• _TASK TO CARRY OUT_
Return, exactly and in full, the lines of the records below starting at the one with "dental-implant-beverly-hills" and ending at the one with "закрытый перелом лучевой кости", and no other lines.
......
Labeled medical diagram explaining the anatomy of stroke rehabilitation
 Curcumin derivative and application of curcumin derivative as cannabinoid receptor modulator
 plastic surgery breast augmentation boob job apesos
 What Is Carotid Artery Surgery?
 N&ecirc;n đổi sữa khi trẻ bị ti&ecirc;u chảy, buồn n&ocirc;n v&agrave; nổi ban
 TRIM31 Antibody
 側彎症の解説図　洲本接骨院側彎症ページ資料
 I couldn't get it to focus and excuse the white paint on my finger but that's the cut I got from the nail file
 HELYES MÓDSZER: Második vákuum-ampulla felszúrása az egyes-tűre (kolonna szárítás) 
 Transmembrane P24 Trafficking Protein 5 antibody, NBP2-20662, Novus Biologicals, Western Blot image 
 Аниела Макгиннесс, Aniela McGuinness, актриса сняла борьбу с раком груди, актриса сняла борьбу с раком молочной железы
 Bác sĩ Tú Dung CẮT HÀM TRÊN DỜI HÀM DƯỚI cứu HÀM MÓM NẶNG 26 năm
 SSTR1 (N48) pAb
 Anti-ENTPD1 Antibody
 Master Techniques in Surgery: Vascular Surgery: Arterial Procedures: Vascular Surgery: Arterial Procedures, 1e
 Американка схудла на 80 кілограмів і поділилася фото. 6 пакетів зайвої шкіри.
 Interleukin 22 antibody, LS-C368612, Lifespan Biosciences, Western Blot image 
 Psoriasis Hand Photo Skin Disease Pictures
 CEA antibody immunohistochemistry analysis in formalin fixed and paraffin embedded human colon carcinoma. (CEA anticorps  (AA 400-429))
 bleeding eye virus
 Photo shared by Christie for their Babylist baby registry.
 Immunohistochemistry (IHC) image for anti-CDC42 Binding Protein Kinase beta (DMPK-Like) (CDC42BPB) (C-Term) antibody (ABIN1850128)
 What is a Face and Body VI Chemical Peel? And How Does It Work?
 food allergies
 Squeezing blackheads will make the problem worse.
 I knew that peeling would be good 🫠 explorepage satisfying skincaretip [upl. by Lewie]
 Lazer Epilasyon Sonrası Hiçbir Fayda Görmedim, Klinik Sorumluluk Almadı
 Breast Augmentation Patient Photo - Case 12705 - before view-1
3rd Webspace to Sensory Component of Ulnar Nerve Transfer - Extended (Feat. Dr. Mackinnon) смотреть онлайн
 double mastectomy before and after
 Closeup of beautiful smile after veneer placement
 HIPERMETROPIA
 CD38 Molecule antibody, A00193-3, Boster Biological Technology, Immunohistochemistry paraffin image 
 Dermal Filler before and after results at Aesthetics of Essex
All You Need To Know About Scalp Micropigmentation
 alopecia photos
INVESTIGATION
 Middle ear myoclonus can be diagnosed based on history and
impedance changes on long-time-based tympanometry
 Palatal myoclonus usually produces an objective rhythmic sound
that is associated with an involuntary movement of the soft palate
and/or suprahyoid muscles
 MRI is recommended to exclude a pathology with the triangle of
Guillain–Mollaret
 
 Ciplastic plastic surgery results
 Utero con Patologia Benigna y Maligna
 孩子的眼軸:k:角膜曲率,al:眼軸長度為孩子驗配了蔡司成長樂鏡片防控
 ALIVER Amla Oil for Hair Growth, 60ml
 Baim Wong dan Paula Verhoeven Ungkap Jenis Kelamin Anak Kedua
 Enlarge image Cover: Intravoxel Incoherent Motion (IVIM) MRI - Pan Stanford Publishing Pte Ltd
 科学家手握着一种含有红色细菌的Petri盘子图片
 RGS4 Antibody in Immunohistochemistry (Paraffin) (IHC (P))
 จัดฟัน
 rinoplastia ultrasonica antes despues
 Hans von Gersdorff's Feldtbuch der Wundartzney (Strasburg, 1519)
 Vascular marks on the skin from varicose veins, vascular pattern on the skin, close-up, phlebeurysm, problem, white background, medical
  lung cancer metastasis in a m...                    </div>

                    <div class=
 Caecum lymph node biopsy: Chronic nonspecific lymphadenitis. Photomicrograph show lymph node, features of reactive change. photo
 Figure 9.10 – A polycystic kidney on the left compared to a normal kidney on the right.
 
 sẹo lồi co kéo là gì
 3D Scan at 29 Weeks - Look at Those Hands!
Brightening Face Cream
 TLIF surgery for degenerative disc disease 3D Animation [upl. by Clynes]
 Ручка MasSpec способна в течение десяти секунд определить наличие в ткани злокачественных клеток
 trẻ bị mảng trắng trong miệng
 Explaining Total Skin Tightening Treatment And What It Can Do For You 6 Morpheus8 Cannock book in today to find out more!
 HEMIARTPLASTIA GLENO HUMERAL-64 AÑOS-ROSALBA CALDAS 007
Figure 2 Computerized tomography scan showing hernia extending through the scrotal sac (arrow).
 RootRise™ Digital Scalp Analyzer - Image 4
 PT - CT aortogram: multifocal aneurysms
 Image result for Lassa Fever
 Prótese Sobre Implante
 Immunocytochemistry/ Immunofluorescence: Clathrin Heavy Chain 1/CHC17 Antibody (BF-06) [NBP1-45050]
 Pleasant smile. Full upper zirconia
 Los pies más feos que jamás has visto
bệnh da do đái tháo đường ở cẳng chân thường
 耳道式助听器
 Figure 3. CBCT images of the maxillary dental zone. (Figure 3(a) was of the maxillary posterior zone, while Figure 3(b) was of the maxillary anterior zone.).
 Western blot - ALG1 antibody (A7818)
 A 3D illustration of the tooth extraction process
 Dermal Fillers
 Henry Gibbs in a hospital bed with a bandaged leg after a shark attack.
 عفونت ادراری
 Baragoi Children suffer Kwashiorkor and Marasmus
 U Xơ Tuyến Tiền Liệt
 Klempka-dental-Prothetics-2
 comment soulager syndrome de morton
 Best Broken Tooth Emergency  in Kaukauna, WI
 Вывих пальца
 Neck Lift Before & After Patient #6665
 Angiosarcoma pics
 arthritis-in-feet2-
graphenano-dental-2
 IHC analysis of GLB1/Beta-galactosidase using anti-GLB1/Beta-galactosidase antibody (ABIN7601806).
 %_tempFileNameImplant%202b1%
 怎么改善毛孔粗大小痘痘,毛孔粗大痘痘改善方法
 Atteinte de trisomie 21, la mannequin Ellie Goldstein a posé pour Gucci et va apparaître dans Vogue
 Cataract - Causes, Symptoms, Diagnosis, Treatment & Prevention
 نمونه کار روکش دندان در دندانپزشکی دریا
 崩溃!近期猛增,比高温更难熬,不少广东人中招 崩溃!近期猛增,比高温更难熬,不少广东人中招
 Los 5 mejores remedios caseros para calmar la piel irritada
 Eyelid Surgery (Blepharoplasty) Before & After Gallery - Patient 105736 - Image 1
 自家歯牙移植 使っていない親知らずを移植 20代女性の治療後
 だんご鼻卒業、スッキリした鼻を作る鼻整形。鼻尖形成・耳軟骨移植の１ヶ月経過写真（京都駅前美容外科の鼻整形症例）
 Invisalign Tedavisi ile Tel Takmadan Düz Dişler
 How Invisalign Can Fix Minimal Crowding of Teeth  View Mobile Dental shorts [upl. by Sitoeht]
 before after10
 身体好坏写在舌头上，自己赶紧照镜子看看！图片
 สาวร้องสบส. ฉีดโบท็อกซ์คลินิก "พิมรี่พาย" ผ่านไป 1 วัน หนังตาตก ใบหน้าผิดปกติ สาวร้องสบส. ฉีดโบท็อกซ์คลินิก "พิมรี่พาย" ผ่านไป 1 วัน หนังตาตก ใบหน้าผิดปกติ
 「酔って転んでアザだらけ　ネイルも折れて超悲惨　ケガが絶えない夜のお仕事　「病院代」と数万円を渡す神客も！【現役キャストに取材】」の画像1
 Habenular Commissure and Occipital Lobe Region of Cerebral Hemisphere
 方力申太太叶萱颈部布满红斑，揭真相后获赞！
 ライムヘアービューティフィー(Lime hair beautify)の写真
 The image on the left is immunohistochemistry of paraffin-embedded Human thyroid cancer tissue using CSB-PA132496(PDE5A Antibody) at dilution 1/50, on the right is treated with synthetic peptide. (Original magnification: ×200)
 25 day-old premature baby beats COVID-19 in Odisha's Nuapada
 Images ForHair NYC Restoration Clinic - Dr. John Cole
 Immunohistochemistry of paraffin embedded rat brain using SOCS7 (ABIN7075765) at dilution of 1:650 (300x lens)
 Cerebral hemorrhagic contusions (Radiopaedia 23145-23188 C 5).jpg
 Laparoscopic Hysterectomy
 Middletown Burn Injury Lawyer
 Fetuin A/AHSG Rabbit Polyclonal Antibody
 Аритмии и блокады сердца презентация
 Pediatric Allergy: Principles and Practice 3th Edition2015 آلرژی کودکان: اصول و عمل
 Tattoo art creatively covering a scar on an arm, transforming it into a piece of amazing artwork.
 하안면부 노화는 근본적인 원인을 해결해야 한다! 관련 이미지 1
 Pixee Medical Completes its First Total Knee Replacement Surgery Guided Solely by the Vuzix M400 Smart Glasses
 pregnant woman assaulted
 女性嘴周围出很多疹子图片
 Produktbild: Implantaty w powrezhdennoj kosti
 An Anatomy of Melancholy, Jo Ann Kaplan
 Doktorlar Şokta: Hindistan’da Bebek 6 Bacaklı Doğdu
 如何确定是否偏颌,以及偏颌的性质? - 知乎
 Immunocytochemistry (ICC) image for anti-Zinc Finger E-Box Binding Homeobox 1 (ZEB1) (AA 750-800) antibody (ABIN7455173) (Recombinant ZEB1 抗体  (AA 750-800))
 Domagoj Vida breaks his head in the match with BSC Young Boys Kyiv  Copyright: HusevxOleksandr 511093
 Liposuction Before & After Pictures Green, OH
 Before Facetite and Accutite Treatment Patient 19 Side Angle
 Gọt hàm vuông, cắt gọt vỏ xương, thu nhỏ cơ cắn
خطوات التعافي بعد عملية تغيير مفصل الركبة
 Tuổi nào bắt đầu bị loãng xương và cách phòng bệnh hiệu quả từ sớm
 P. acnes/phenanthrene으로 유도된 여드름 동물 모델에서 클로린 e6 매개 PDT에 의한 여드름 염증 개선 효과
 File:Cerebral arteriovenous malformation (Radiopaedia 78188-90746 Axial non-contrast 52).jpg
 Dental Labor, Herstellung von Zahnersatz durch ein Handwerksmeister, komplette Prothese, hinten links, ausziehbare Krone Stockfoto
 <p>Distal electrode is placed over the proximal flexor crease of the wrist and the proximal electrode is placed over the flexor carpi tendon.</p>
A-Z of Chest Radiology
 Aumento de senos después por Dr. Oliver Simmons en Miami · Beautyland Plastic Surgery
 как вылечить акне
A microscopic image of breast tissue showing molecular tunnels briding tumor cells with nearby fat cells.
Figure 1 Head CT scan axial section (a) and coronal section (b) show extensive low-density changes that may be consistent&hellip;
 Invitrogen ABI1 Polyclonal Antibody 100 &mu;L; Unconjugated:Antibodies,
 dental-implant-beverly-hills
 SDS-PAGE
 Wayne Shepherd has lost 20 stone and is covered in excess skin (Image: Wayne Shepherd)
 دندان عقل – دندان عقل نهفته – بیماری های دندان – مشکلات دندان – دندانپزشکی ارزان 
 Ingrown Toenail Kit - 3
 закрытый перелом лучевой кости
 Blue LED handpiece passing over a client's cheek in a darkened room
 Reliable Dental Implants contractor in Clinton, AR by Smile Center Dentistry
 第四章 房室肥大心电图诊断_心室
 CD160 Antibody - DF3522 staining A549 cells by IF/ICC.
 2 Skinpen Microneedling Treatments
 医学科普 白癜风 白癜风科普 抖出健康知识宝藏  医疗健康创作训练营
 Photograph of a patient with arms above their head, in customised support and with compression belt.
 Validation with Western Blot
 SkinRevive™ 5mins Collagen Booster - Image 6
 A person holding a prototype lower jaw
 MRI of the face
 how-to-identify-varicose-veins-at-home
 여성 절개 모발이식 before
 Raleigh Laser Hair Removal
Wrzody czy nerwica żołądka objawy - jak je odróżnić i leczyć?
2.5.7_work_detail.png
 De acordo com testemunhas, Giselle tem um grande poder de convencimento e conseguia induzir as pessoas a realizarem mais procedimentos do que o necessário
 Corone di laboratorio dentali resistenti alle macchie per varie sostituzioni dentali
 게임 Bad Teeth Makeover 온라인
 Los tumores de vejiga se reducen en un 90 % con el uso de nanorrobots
......
• _RESPONSE_
 dental-implant-beverly-hills
 SDS-PAGE
 Wayne Shepherd has lost 20 stone and is covered in excess skin (Image: Wayne Shepherd)
 دندان عقل – دندان عقل نهفته – بیماری های دندان – مشکلات دندان – دندانپزشکی ارزان 
 Ingrown Toenail Kit - 3
 закрытый перелом лучевой кости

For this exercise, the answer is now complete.